“找她?做什麼?”裴安青疑惑道。
薑晚茹低聲耳語了一番,裴安青嘴角緩緩揚起,“我這就去。”
薑晚茹看著裴安青走出去,眼神逐漸陰冷了下來,“哼。”
“裴安青,你還真是蠢,到時候坐在那至高之位上的人隻能是我薑晚茹。”
“薑晚檸,我再多送你一份大禮,平安郡主加上裴安青,我倒是要看看你如何逃出生天。”
薑晚茹悠哉悠哉的喝著茶,讓裴安青那個蠢貨出麵,去與平安郡主合作,既可以完成宋竹冉那邊的交代。
出了事又可以讓裴安青頂包,她自然能全身而退。
隻是看來自己還要多準備些後路,這後路不能是宋竹冉也不能是大長公主,更不能是裴安青身後的人。
看來隻能......
薑晚檸心中有了決斷,想起宋竹冉交代自己的另外一件事情,立馬起身出了屋子。
.......
薑晚檸一行人剛到滄州還未來得及京城,知府就派人來將人恭恭敬敬請了過去。
“我們的行程並沒有提前告知,這滄州知府就已經知道了,此事怕是有蹊蹺。”薑晚檸說,
“眼下又在滄州的地界,強龍不壓地頭蛇,我們的人手不夠,若是不去,隻怕會故意困在這滄州不好將枝枝送過去。”
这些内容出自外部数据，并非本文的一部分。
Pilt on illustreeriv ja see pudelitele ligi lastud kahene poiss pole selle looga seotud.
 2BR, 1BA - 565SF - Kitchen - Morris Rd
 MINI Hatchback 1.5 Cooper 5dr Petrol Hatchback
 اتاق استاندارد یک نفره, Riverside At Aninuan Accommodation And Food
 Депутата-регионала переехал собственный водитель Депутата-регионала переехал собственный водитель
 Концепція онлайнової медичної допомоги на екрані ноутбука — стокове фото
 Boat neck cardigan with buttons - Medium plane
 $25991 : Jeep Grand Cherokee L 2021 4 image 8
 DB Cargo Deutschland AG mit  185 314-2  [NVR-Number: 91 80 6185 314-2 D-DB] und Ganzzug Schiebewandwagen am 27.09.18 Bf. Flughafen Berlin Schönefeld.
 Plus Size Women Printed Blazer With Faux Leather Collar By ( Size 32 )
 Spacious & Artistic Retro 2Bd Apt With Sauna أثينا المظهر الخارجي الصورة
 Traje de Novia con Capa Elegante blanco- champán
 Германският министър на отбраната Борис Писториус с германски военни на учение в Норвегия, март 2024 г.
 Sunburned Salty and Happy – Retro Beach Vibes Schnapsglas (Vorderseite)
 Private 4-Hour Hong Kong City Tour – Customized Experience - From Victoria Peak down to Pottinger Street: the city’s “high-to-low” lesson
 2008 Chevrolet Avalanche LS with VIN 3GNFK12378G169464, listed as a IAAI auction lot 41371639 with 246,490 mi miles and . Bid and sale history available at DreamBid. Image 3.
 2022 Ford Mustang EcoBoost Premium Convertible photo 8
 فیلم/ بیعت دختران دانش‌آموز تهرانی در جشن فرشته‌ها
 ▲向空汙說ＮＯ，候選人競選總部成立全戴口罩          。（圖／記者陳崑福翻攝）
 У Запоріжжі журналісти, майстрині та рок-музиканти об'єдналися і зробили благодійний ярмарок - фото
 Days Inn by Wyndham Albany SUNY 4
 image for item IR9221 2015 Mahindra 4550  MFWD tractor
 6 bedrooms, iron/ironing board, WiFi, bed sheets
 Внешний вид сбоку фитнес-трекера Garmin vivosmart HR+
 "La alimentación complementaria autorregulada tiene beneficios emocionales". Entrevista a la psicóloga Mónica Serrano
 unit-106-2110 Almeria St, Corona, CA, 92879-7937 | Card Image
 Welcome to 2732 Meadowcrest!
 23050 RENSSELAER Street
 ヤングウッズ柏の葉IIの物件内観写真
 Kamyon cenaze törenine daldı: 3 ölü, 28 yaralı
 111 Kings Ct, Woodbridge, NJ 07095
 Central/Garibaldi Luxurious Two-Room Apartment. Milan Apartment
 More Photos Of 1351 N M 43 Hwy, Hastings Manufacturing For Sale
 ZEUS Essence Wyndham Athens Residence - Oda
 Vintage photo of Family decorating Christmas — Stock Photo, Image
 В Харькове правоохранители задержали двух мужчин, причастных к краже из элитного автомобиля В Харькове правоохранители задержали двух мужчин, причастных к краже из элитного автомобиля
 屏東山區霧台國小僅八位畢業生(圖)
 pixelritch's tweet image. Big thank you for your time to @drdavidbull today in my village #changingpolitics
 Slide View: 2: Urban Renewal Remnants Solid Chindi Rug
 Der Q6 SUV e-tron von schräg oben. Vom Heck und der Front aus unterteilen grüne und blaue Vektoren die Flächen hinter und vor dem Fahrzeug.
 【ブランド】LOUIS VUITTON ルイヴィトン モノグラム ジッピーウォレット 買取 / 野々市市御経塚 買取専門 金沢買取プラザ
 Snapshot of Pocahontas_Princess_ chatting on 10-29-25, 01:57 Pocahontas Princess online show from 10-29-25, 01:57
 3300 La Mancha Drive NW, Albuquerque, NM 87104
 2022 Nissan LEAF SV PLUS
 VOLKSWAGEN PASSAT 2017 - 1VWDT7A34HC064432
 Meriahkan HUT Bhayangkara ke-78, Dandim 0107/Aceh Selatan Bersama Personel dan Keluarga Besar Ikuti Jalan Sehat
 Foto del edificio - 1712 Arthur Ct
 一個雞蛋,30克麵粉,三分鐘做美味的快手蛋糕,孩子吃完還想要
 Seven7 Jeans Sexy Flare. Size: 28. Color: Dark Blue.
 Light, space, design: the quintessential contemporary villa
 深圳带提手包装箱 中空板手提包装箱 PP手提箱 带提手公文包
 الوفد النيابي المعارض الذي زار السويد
裴宴川輕聲安撫,“檸檸不用擔心,既然他們迫不及待的來找死,那先去看看。”
薑晚檸點點頭,想必有枝枝在他們也不敢下殺手。
一行人來到知府李盛源的府上。
李盛源頂著六個月的肚子,一扭一扭的上前迎接,“下官來遲,還請琅琊王和王妃見諒。”
因著肚子太大彎腰時間稍微長一些就喘不上氣來。
一時時間像是靜止了一般,過了一炷香時間,裴宴川才冷冷開口,“本王來此並無多少人知道。”
“你如何得知?”
知府李盛源這才敢稍稍直起腰,“回稟王爺,下官雖然遠在滄州當官。”
“但時刻想要更近一步,能夠為皇上效力,因此這京中一些事情,下官還是有那麼一點點耳朵的。”
知府李盛源笑嘻嘻的兩根手指比劃著。
這在朝堂上不算什麼大事,無論京城的官還是地方上的官,或是為了升遷,或是為了更好的穩固自己的位置。
大多都會有牽扯和聯係。
“不知你這耳朵姓甚名誰?”
“大長公主啊。”李盛源略帶自豪的說了說,“不然大長公主怎麼可能將自己的女兒放在這裡自醒呢。”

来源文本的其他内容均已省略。